GithubHelp home page GithubHelp logo

sayarghoshroy / acronym-sense-disambiguator Goto Github PK

View Code? Open in Web Editor NEW
1.0 2.0 0.0 38 KB

Identifies acronyms in a text file and disambiguates possible expansions

Shell 1.69% Python 98.31%
acronym sense disambiguation nltk wikipedia-dump text-processing python

acronym-sense-disambiguator's Introduction

Acronym Sense Disambiguator

Identifies acronyms in a text file and disambiguates possible expansions

Illustration

Input

IBM is an American multinational information technology company headquartered in Armonk, New York, United States, with operations in over 170 countries.
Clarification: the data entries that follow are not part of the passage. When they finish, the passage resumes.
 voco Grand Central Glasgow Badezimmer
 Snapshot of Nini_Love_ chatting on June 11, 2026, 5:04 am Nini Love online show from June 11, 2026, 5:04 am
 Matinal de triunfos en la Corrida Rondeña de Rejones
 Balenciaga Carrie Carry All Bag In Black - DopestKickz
IBM manufactures and markets computer hardware, middleware and software, and provides hosting and consulting services in areas ranging from mainframe computers to nanotechnology. IBM is also a major research organization, holding the record for most patents generated by a business (as of 2018) for 25 consecutive years. Inventions by IBM include the automated teller machine, the floppy disk, the hard disk drive, the magnetic stripe card, the relational database, the SQL programming language, the UPC barcode, and dynamic random-access memory. The IBM mainframe, exemplified by the System/360, was the dominant computing platform during the 1960s and 1970s...

System Output

IBM(International Business Machines) is an American multinational information technology company headquartered in Armonk, New York, United States, with operations in over 170 countries.
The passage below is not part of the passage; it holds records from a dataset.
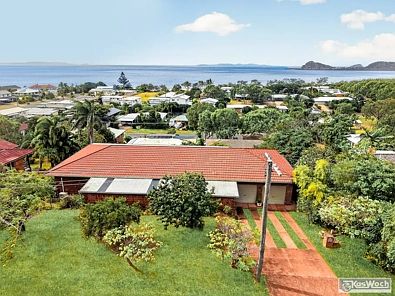 Lammermoor 4chambre SPACIOUS 2 LEVEL BRICK HOME WITH MAGNIFICENT OCEAN VIEWS - 1342m2 ALLOTMENT WITH A 39.9 metre FRONTAGE.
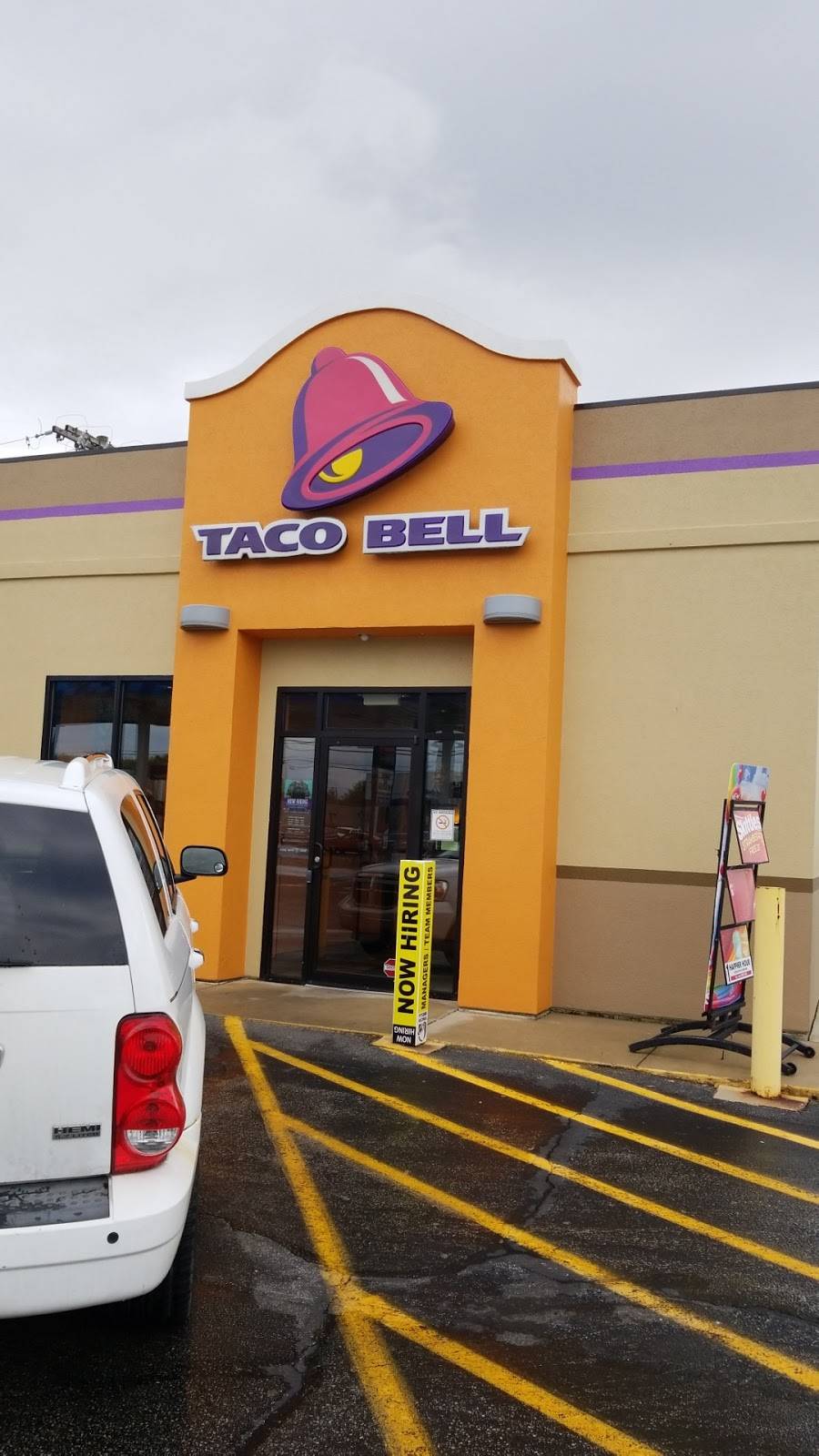 Taco Bell | restaurant | 22210 OH-51, Genoa, OH 43430, USA | 4198559916 OR +1 419-855-9916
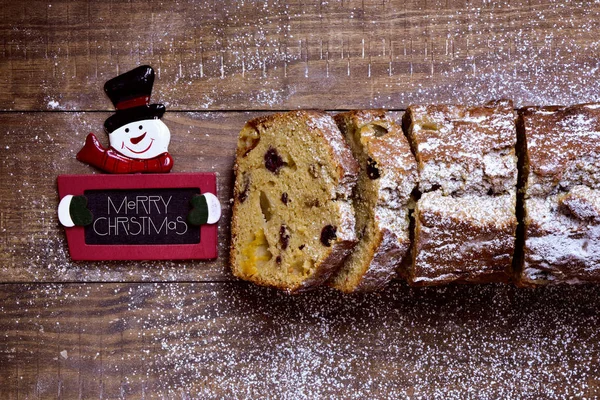 Pastel de frutas y texto feliz navidad — Foto de Stock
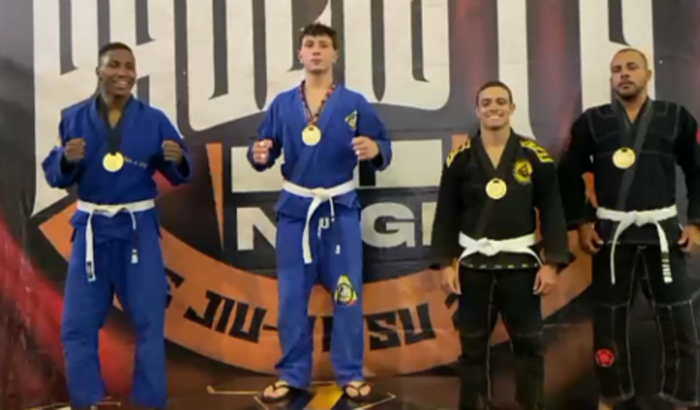 Preciso da sua ajuda!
IBM(International Business Machines) manufactures and markets computer hardware, middleware and software, and provides hosting and consulting services in areas ranging from mainframe computers to nanotechnology. IBM(International Business Machines) is also a major research organization, holding the record for most patents generated by a business (as of 2018) for 25 consecutive years. Inventions by IBM(International Business Machines) include the automated teller machine, the floppy disk, the hard disk drive, the magnetic stripe card, the relational database, the SQL(Structured Query Language) programming language, the UPC(Universal Product Code) barcode, and dynamic random-access memory. The IBM(International Business Machines) mainframe, exemplified by the System/360, was the dominant computing platform during the 1960s and 1970s...

To Run the Acronym Sense Disambiguator System on a Text File:

python3 main.py

And enter the file name once the prompt appears

To Build the Searchable Index from a Raw Wikipedia Dump:

bash build.sh <path_to_dump> <path_to_index_directory>
  • A tested out and ready to use searchable index will be shared upon request. Save it in the directory with the source code.
  • The Acronym Server API can be found here.

Introduction

Disambiguating acronyms is an important task in Computational Linguistics, occasionally used as a preprocessing step for further downstream tasks. Acronyms are often domain specific and have a high degree of polysemy, with an average of 9.7 possible expansions per acronym. Thus, expansion of acronyms in most situations requires disambiguation. In this project we use the context around the occurrence of an acronym and match it with known contexts for different expansions to estimate the intended full-form. Given some text, we get all possible expansions from an existing mapping function, and for each of the terms, we lookup associated wikipedia articles from an indexed dump to find the known context and then assign scores based on lexical matches. The accuracy of the system increases with larger text (about 100-200 words is sufficient for most cases), although accurate disambiguation has been achieved with just single lines of text.

System in Detail

Searchable Wiki Index

The first step in building the system was creating a searchable index of the Wikipedia dump. The dump in itself is over 50 gigabytes in size and running queries on that would be infeasible. Hence, the indexer uses the porter stemmer to stem the lexical items in the titles of every available Wikipedia article and creates an easy to search-for directory structure. To search for a particular query, each word in the query is stemmed and compared against a document map which points to the particular directory in the created index where the required information can be found.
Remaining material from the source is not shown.